What you should do:
When you reach the line holding "Editable Travel PowerPoint Template" in the material below, return that line and each one after it, word for word, with the pictures dropped.

Data provided:
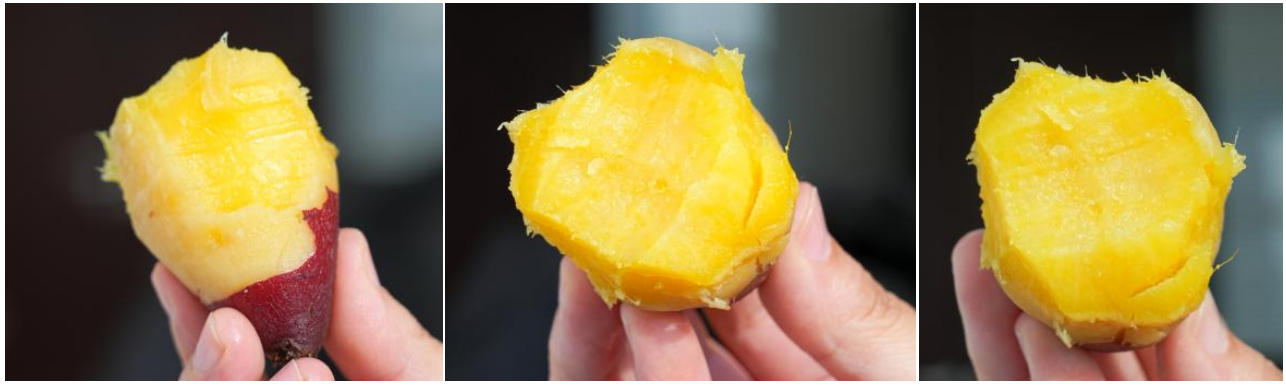 3118�ƶ����š�(�й���)�ٷ���վ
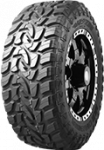 Mazzini Mud Contender 235/75 R15 110N
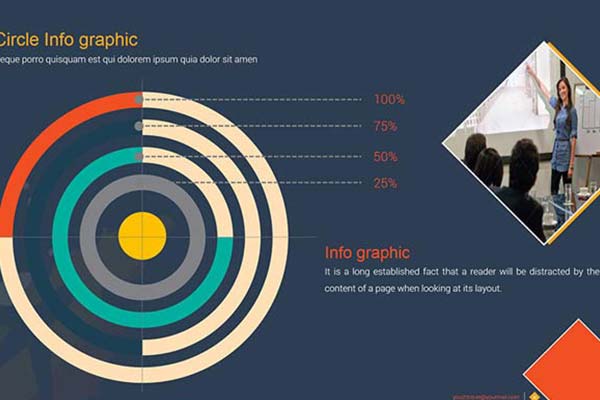 Editable Travel PowerPoint Template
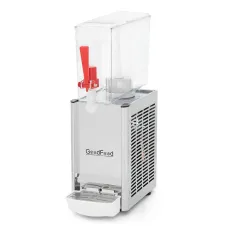 Сокоохолоджувач GoodFood JD10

Output for this exercise:
 Editable Travel PowerPoint Template
 Сокоохолоджувач GoodFood JD10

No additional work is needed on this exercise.